There are 3 things that affect the cost of getting your location mapped and available online:
- Initial mapping costs
- Monthly or annual fees
- Digitization of records
Initial mapping costs
Depending on the vendor you use, the bulk of the costs will be in the initial digitization of maps. This process consists of taking existing maps (paper or digital) and digitizing them so they will be available online. The costs of this will depend on the size of your location, so larger locations will typically cost more.
Monthly or annual fees
The costs of putting a map online depends on hosting costs and the costs assocaited with providing the promised level of service when signing up. This is typically the simplest part of the pricing and your vendor should be able to give you a quote for this quickly. While this is typically the least expensive part of the costs up front, this costs can often become the most expensive part of the entire process after a few years. Some vendors will lower the initial mapping or records digitization costs and then increase the monthly/annual fees to make up for that. On the other hand, some SLA’s (Service Level Agreements) will take into account ongoing maintenance costs that their system requires. Make sure your vendor clearly explains what is being offered for the periodic fees it charges.
Your vendor might also require you to pay for licences for each user of the system. You will have to weigh the costs of this against the value of system, but modern web technology can minimize the costs of this and some vendors may not even charge for each user at all.
Digitization of records
The costs of this may vary depending on the types of records you have. If you already have a digital copy of your records (i.e. spreadsheet or database) then your vendor may charge a small fee to import existing records or may not charge anything at all. This step is typically fairly minimal so it should not account for a high cost.
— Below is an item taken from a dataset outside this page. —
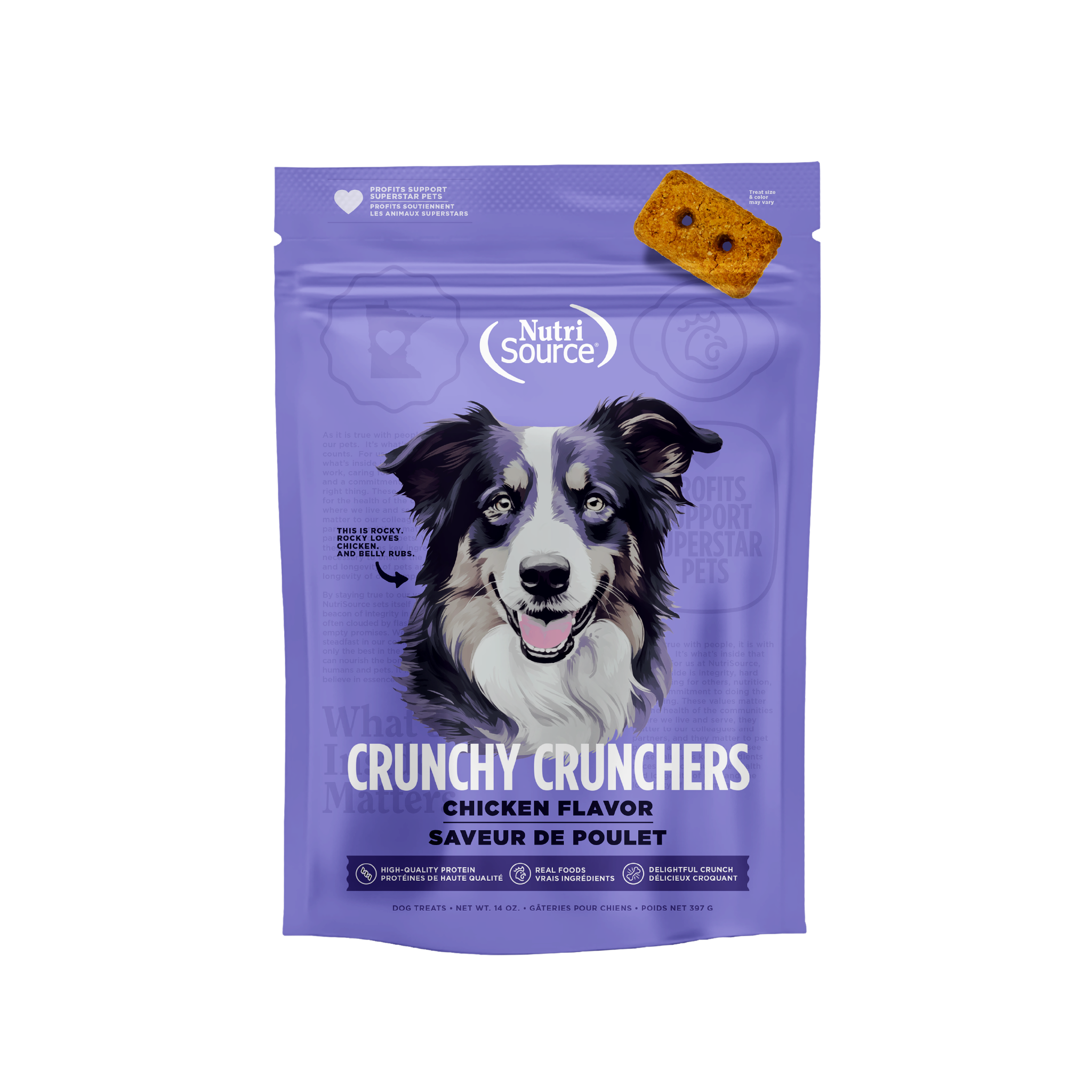 NutriSource Chicken Crunchy Crunchers - bag front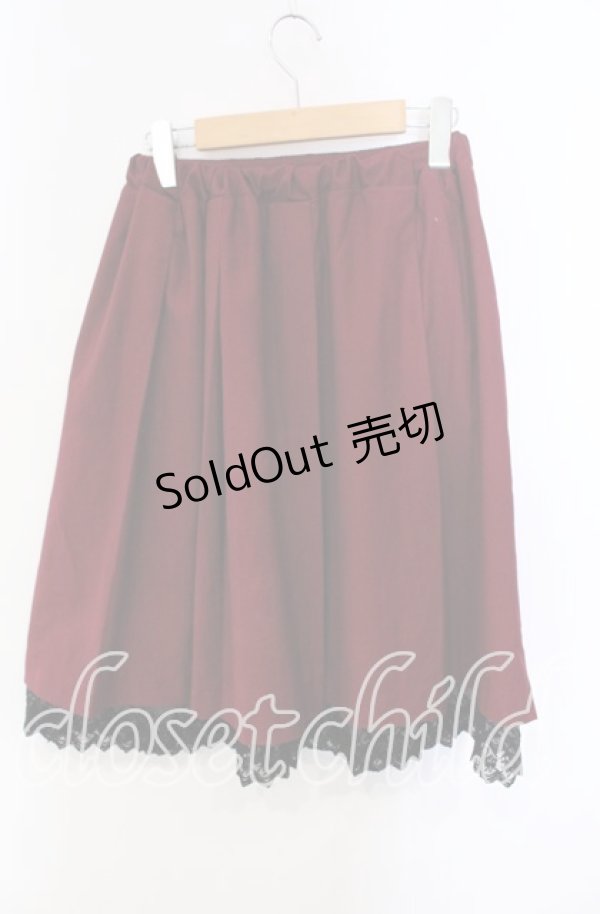 画像3: axes femme / プリーツミドルスカート M ワイン O-25-09-13-062-AX-SK-OW-OS (3)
If your records are not already digitized, then this part of the costs could be substantial due to the amount of manual work-hours involved to get your records digitized. This could consist of scanning (imaging) existing records, scanning existing documents and converting text using software, manually entering the text from existing documents into a database or spreadsheet, or a combination of those options. While the costs to do this could be high, the advantages of not losing documents to fire or flood, plus the increased speed and ease of managing records online, should be an obvious choice for any location that has not already done this.